-- WHAT IS EXPECTED --
An exact copy is required of the lines running from the one that contains "Image of Amplified" to the end of the material, both ends included, with pictures omitted.

-- MATERIAL PROVIDED --
::::

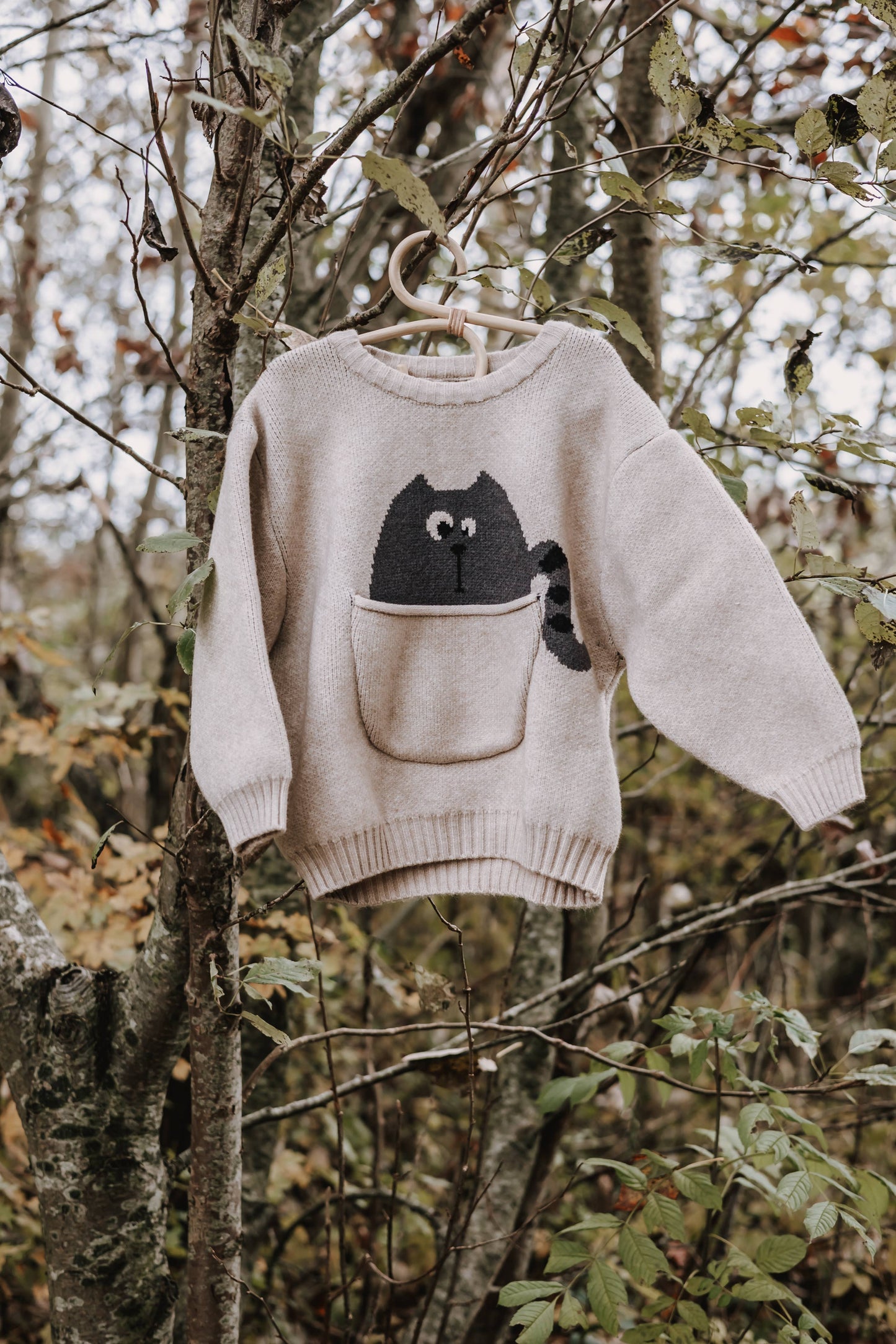 Annie & Charles® animal knitted sweater: Beige bear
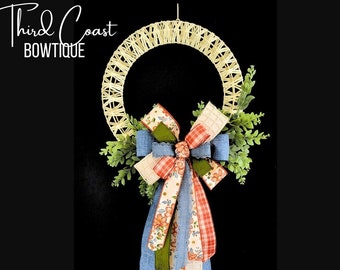 Charming Denim Rustic Floral Wreath and Bow  - Free Shipping! Great Country Casual Farmhouse Boho Summer Vibes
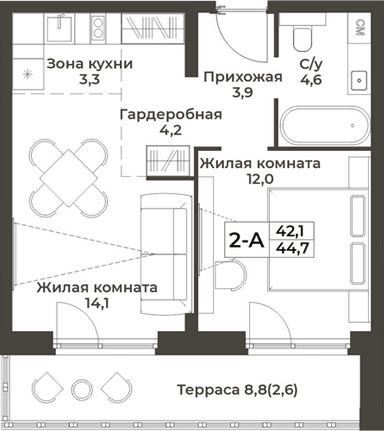Планировка 2е-к.кв 42.10 м² в ЖК «RIZALTA РЕЗОРТ БЕЛОКУРИХА»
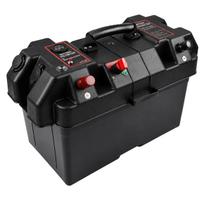 12 V akumuliatoriaus dėžė su voltmetru ir 2 USB jungtimis
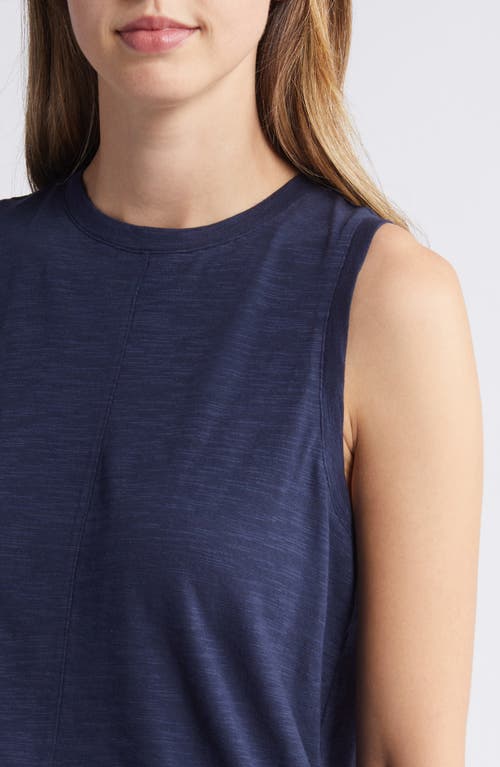 Shop Caslonr Caslon(r) Sleeveless Cotton Blend Crewneck T-shirt In Navy Blazer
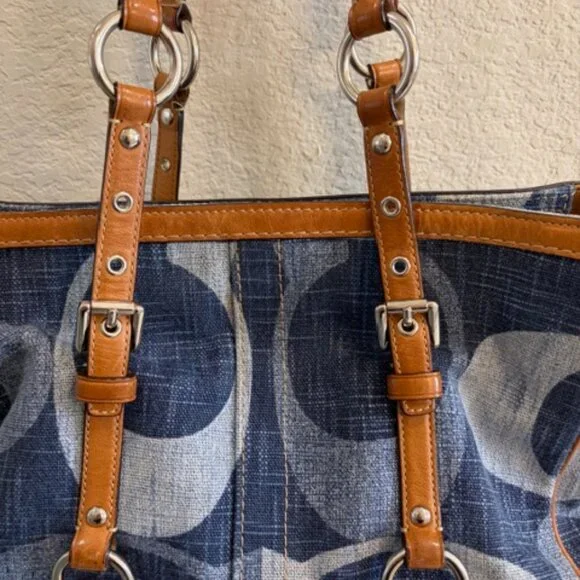 Coach 13810 Vintage Signature Gallery Tote with brown leather trim Classic Y2K - Picture 4 of 15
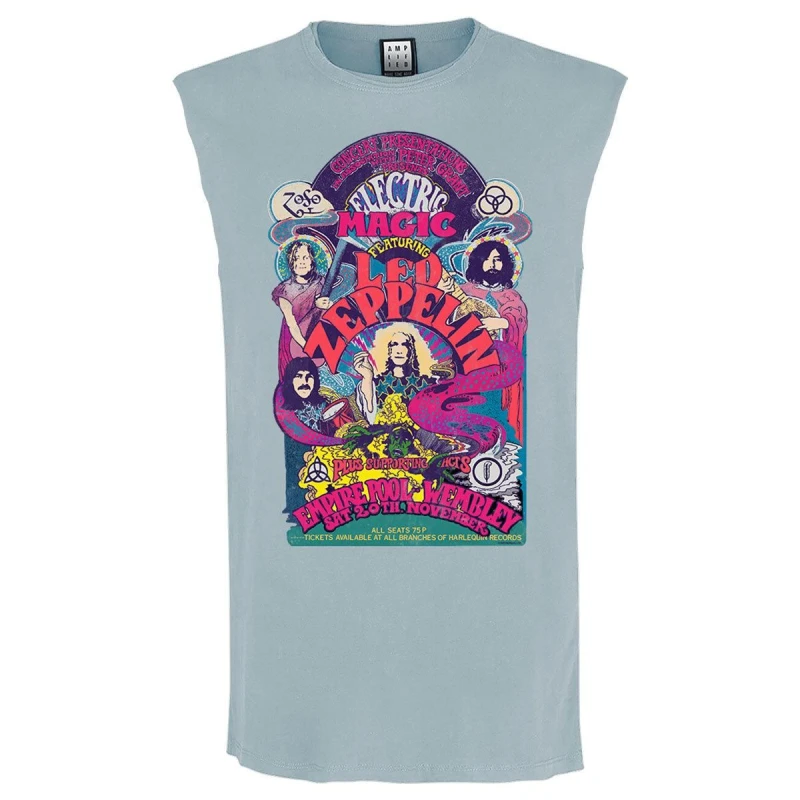 Image of Amplified Amplified Men Electric Magic LED Zeppelin Sleeveless Tank Top in Pale Blue Size: Medium Pale Blue M Male 5063574247764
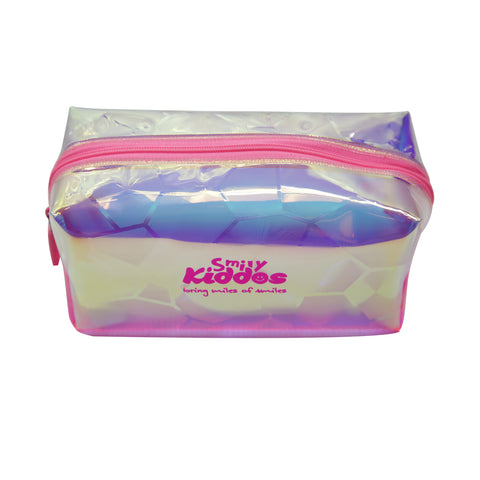 Image of Smily Transparent Cosmetic Pouch Pink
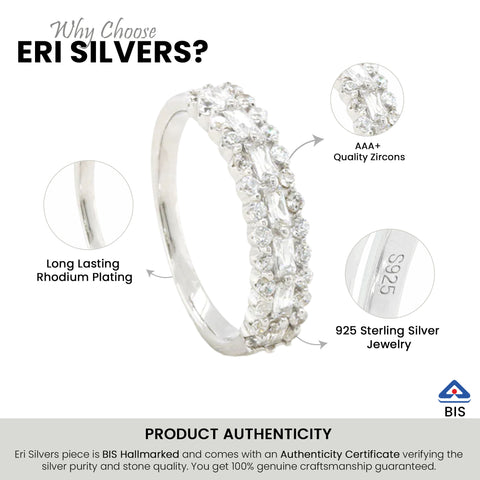 CZ studded Double challa Band Finger  Ring Women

::::

-- FINISHED TASK --
 Image of Amplified Amplified Men Electric Magic LED Zeppelin Sleeveless Tank Top in Pale Blue Size: Medium Pale Blue M Male 5063574247764
 Image of Smily Transparent Cosmetic Pouch Pink
 CZ studded Double challa Band Finger  Ring Women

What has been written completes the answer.